Yahoo Beauty: 8 Not-So-Obvious Ways the Global Gag Rule Can Harm Women
“…In response to Trump’s executive order, nearly 140 diverse advocacy organizations issued a joint open statement. ‘Countries around the world are making significant progress in improving women’s health,’ it said, ‘and the global gag rule undermines that momentum.’ … To break it down into eight points of harm…” (Uffalussy, 1/25).

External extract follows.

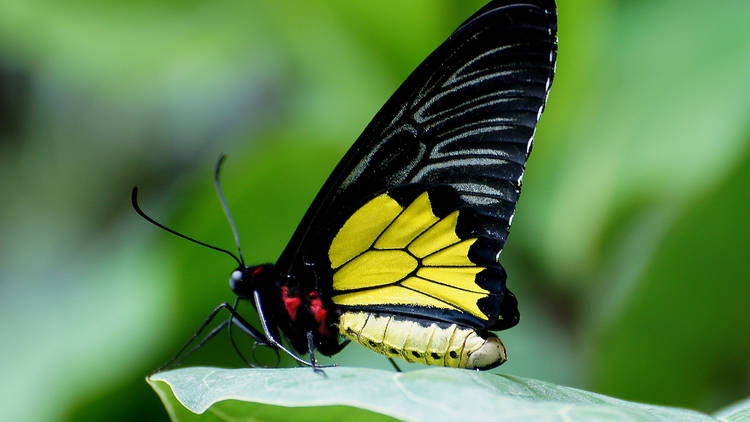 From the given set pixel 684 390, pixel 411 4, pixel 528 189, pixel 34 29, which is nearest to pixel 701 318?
pixel 684 390

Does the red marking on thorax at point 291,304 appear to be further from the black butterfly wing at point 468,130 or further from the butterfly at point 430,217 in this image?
the black butterfly wing at point 468,130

Yahoo News: How global gag rule could have devastating effects for world’s most vulnerable women
“…MSI’s ability to provide health care in [Uganda’s] Kimombasa and throughout the world has been threatened now that President Trump, in one of his first moves as chief executive, reinstated the U.S.’s global gag rule, which bars foreign aid to any [foreign] NGO that offers abortion services, or even discusses abortion options, to its patients, ever. The rule is also known as the Mexico City policy, named after the host city of the U.N. International Conference on Population where the U.S. announced it in 1984…” (Conley, 1/25).
The KFF Daily Global Health Policy Report summarized news and information on global health policy from hundreds of sources, from May 2009 through December 2020. All summaries are archived and available via search.